Feature: Phil Asher

Picture of Phil Asher

Interview by Tom Breslin

What’s that you say? Focus has made a new album? There’s a fresh Woolph production? No, wait, there’s a new Restless Soul long player? Or is it a Basic Soul project? Another Phoojun record? I’m confused!

Well, whilst none of these is technically correct, they’re kind of all true in a way, for behind each of these much loved musical identities (and a fair few others we could throw in there as well) stands one man. That’s right folks, it’s the mighty Phil Asher. Admittedly, he’s had some partners in crime along the way – most notably Luke McCarthy, in the case of Restless Soul – but let that take nothing away from the achievements of the man.

As a producer, he has been prolific for well over a decade now, racking up more than one hundred of his own official creations and gracing an array of leading record labels, including Classic, Co-Op, Chillifunk, DiY and Versatile, across an incredible range of styles and sounds. He’s provided countless artists with his Rolls-Royce remix treatment and yet still finds time to squeeze in the odd underground disco edit here and there as well (Holger Czukay anyone?).

It’s not only by making his own music that Asher has made a name for himself, but by playing other people’s records too. In addition to Inspiration Information, the long-running and highly regarded, anything goes party, run by Asher and good friend Patrick Forge, he was also a founder member of Co-Op, the pioneering broken beat collective and London club night, alongside Dego, I.G. Culture and Demus. What’s more, Asher is also the frontline resident DJ at the hugely successful House music institution that is Soul Heaven, where he expertly primes some of the world’s busiest dance floors for some of the world’s best-known DJs.

All of which is to say that February 2009 sees the release of Asher’s new album – Phlash & Friends ‘Deep Electronic Sound’ – on Italy’s Archive record label, and we were very fortunate to have the man himself take some time out to chat to us a little bit about this project.

First and foremost, let’s talk about your highly anticipated new album, Phlash & Friends ‘Deep Electronic Sound’, your first long player for a little while.
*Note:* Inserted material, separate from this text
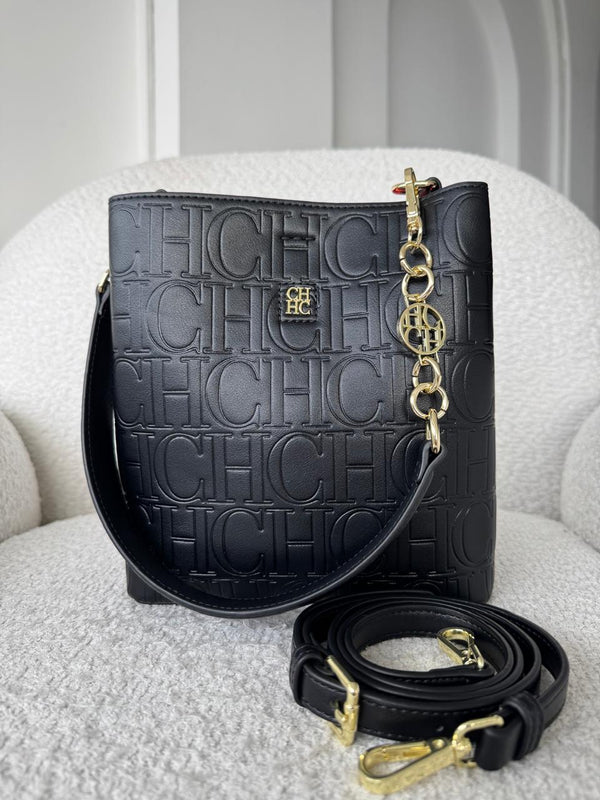 CARTERA CH LOGO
As the title suggests, it’s a heavily collaborative project, so how did you approach the creative process this time around? How was this different for you from, say, the Focus album?

This album was the easiest to make out of the lot, and the process was very organic and flowed from one track to the next. If I could get the singer or musician in the studio, then I would, but Lady Alma, for instance, heard the track at my place and then went home to Philadelphia and recorded her vocal there. Mostly, everything was done at my house, except for the Fyza and Zed Bias collaboration, “Look at What You’ve Done”, which was recorded at Zed's studio in Manchester.

Every LP that I've done has had a slightly different method of employment. Working entirely from home allowed me the time to work on and "live with" the songs, as opposed to being under the clock in a studio environment, where every second counts.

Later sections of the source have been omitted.